* [Problem requirements]: The whole listing below should be printed again exactly, with no images.

* [Material for this task]:

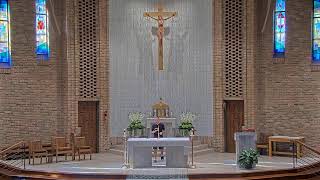 Daily Mass Friday - 8:15 AM - 07/03/2026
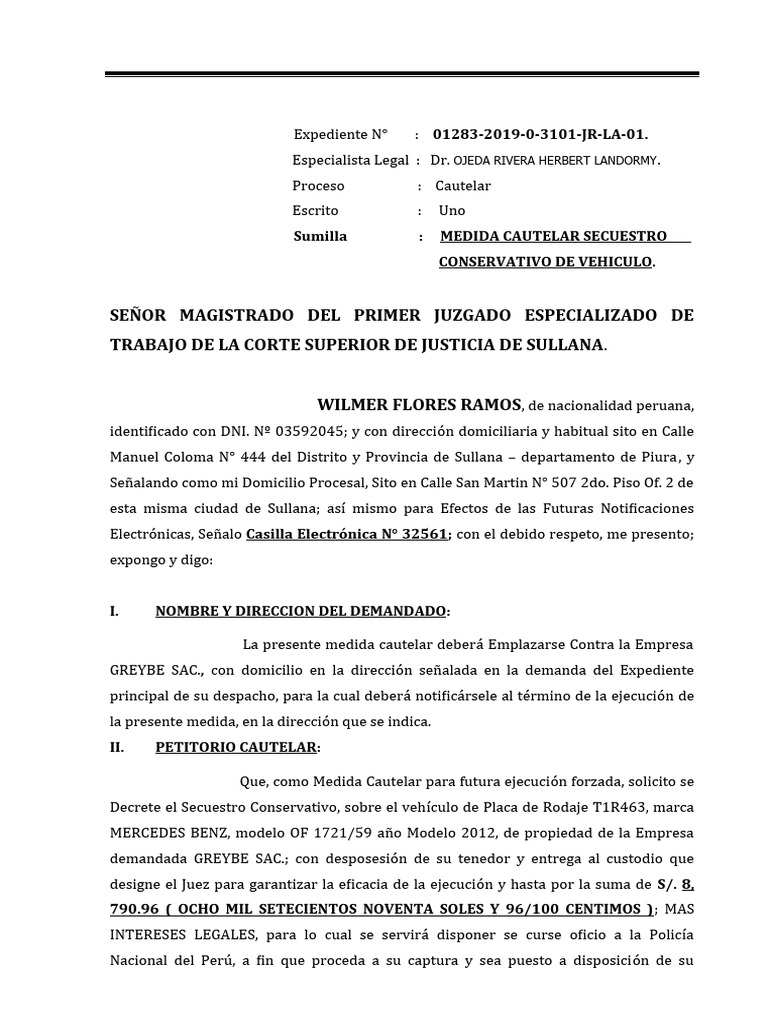 Medida cautelar embargo secuestro conservativo vehicular wilmer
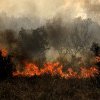 Incendii masive de vegetație în Grecia și Turcia, din cauza caniculei. Cinci persoane au murit și alte zeci sunt rănite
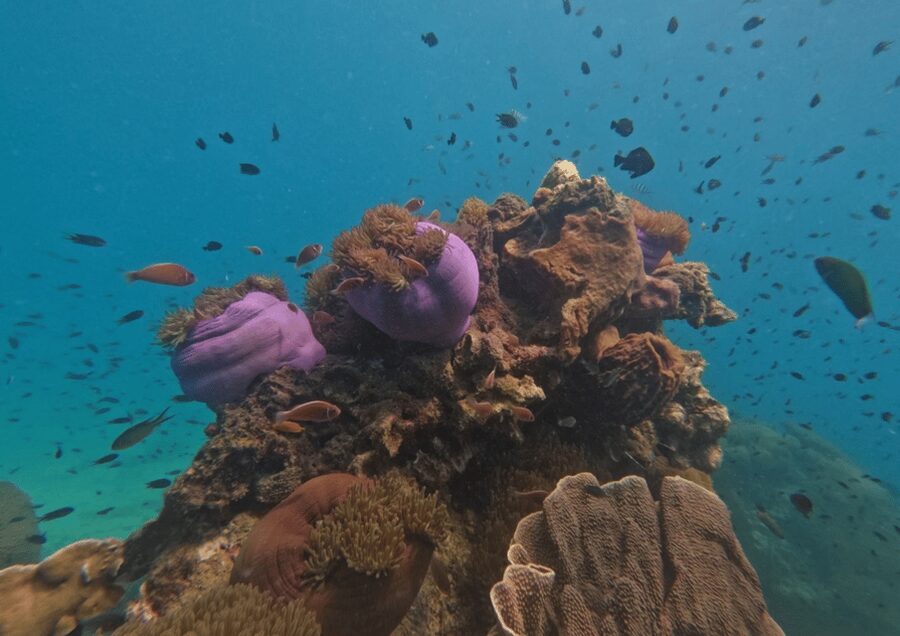 Koh Kood: Snorkeling Speedboat Tour with Lunch and Transfer - Who This Tour Suits Best (And Who Should Skip It)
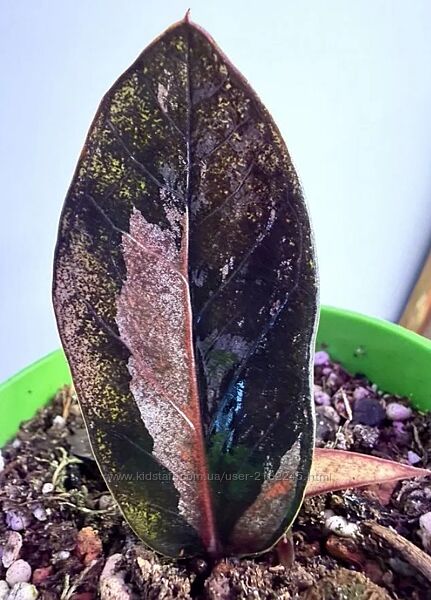 Замиокулькас блек сильвер с деткой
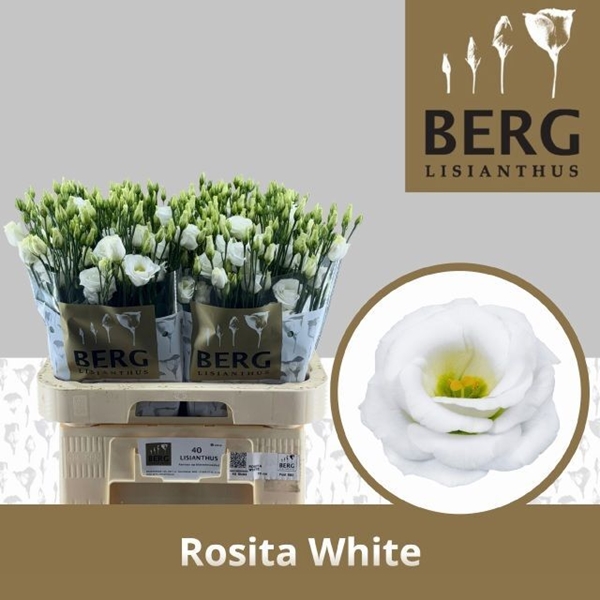LISIANTHUS BLANC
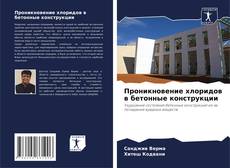 Проникновение хлоридов в бетонные конструкции kitap kapağı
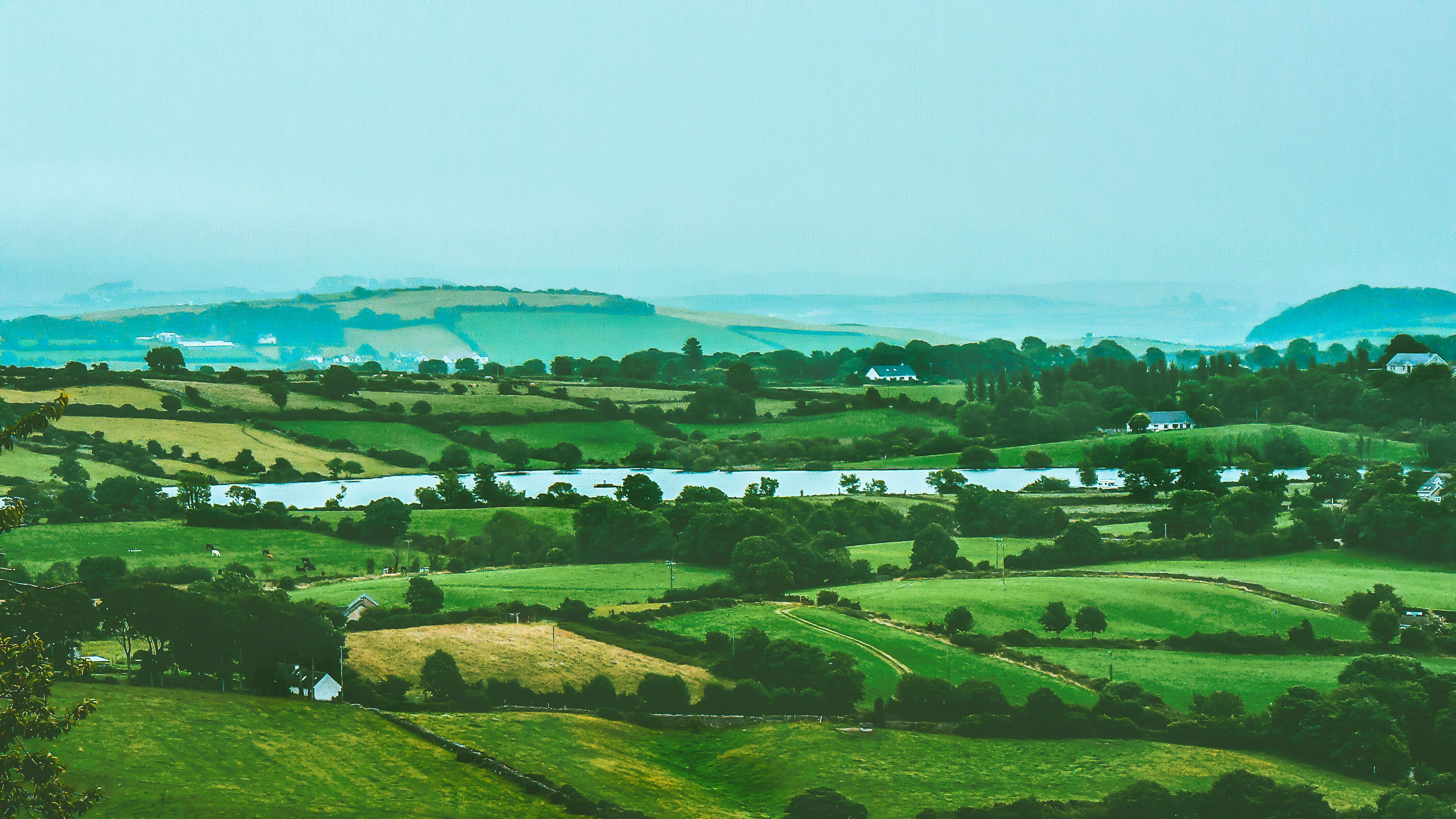 aerial photo of green field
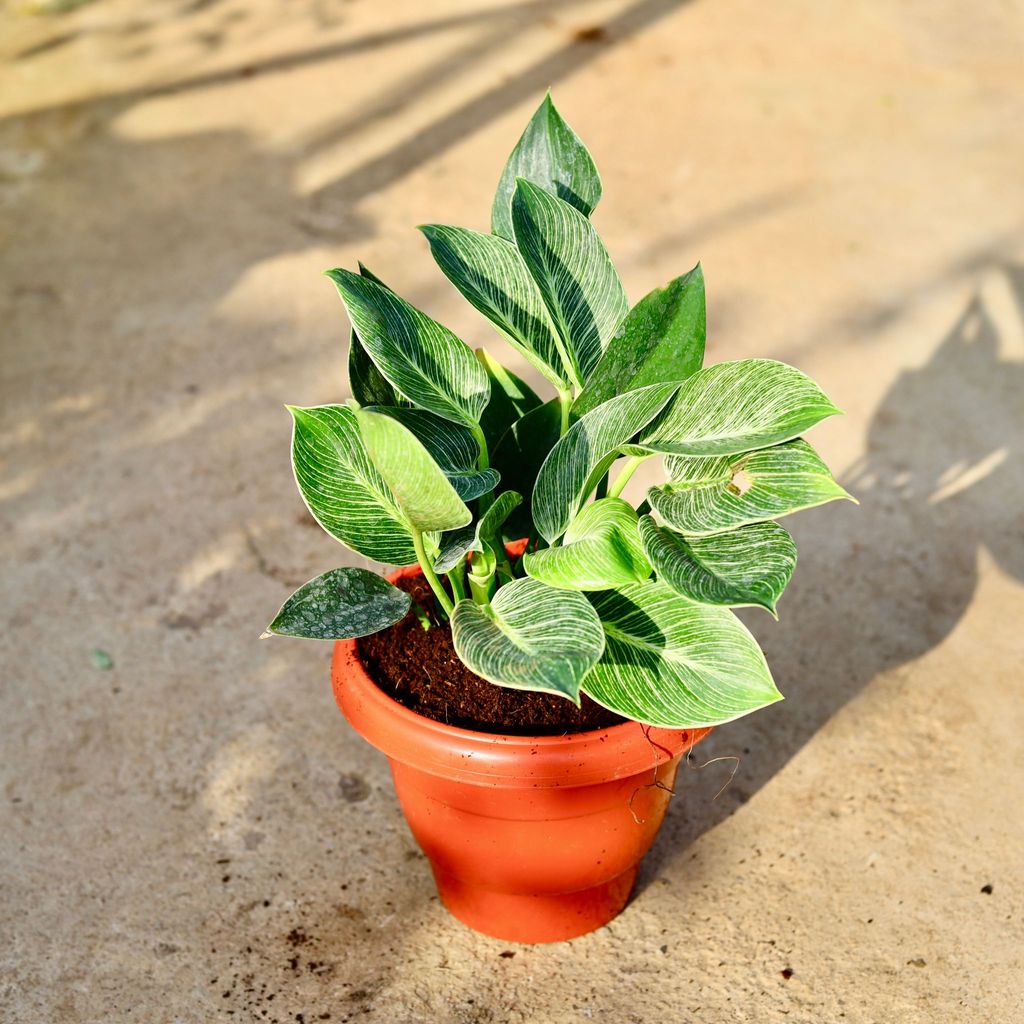 Buy Philodendron Birkin in 8 Inch Terracotta Red Classy Plastic Pot Online | Urvann.com Philodendron Birkin in 8 Inch Terracotta Red Classy Plastic Pot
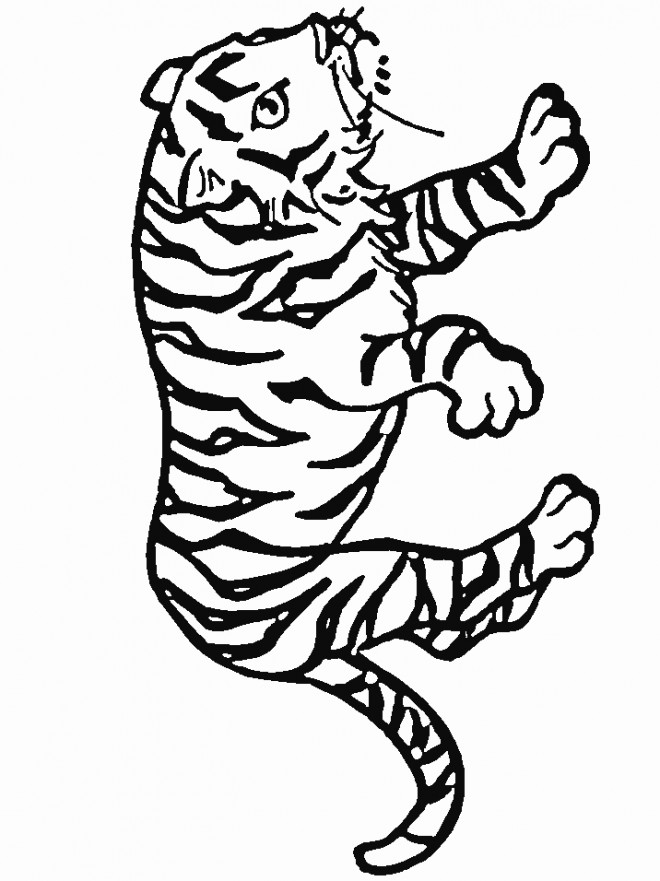 Coloriage et dessins gratuits Tigre en train de surveiller à imprimer
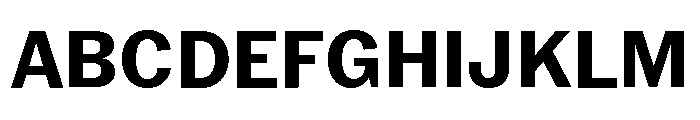 Neue York Normal Bold Italic Font UPPERCASE
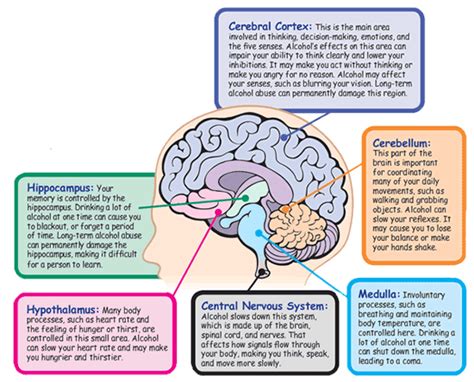 The Mental, Physical, and Social Effects Of Alcohol: Alcohol and Your Brain (Short Term)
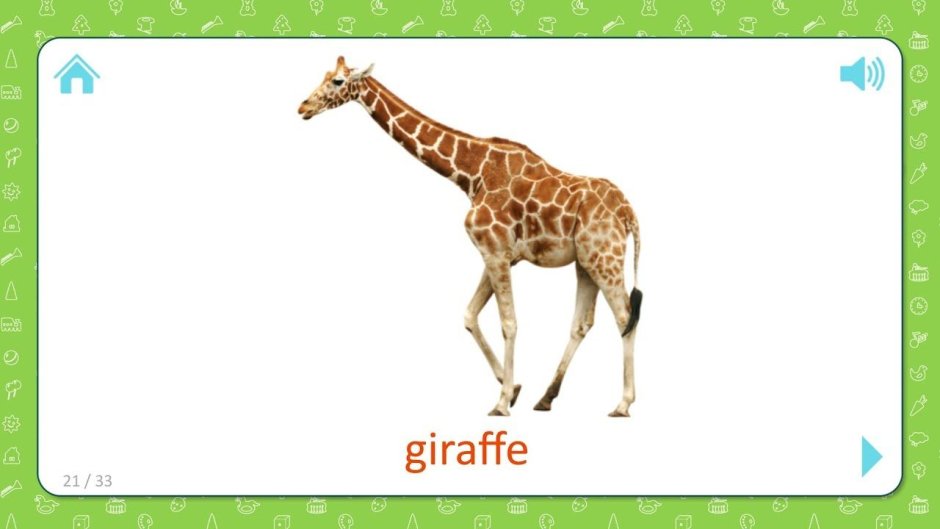 Giraffe английский для детей карточки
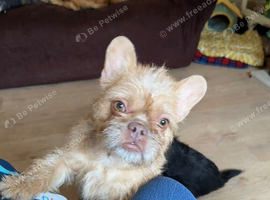 Frenchie female looking for new home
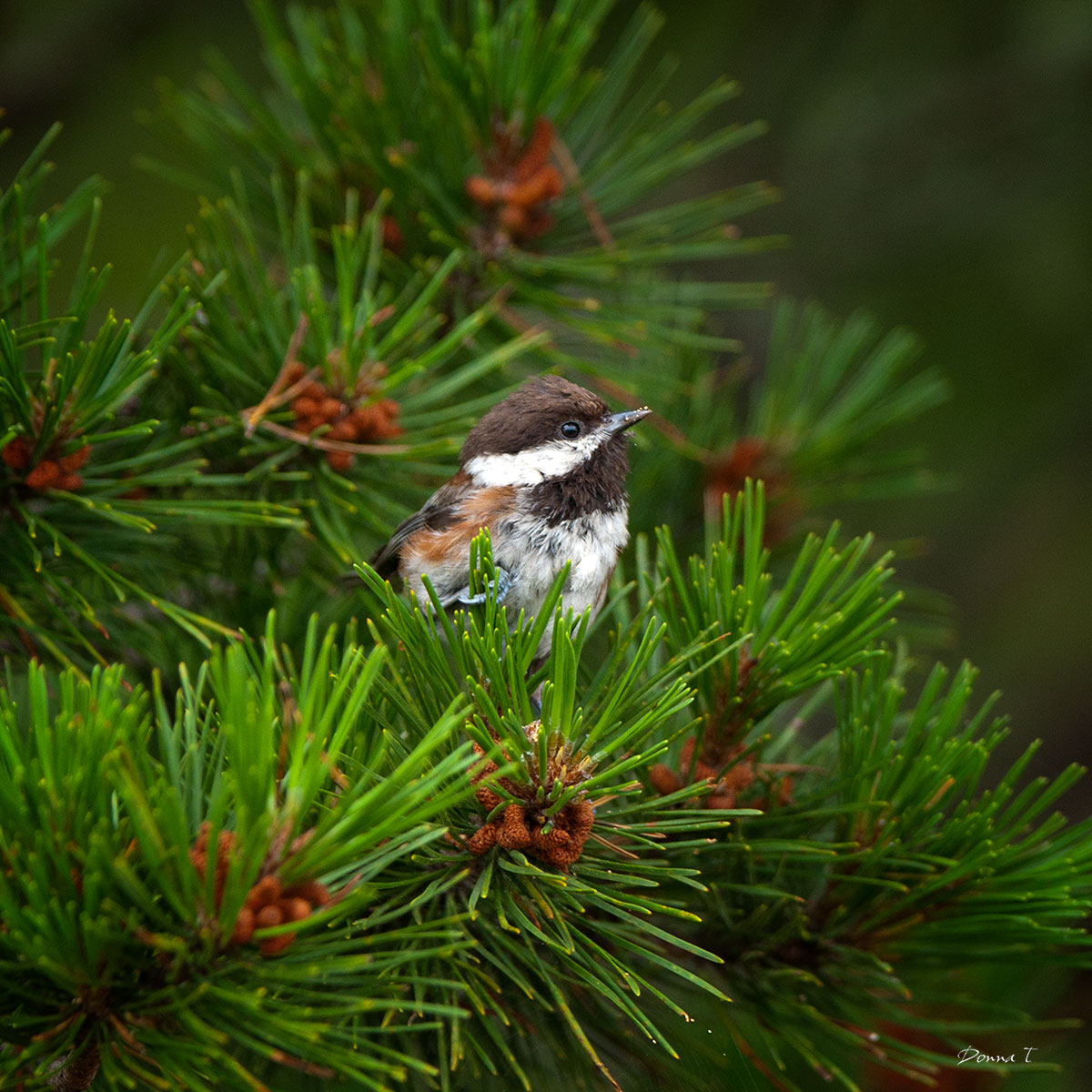 Nestled Chickadee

* [Solution to this exercise]:
 Daily Mass Friday - 8:15 AM - 07/03/2026
 Medida cautelar embargo secuestro conservativo vehicular wilmer
 Incendii masive de vegetație în Grecia și Turcia, din cauza caniculei. Cinci persoane au murit și alte zeci sunt rănite
 Koh Kood: Snorkeling Speedboat Tour with Lunch and Transfer - Who This Tour Suits Best (And Who Should Skip It)
 Замиокулькас блек сильвер с деткой
LISIANTHUS BLANC
 Проникновение хлоридов в бетонные конструкции kitap kapağı
 aerial photo of green field
 Buy Philodendron Birkin in 8 Inch Terracotta Red Classy Plastic Pot Online | Urvann.com Philodendron Birkin in 8 Inch Terracotta Red Classy Plastic Pot
 Coloriage et dessins gratuits Tigre en train de surveiller à imprimer
 Neue York Normal Bold Italic Font UPPERCASE
 The Mental, Physical, and Social Effects Of Alcohol: Alcohol and Your Brain (Short Term)
 Giraffe английский для детей карточки
 Frenchie female looking for new home
 Nestled Chickadee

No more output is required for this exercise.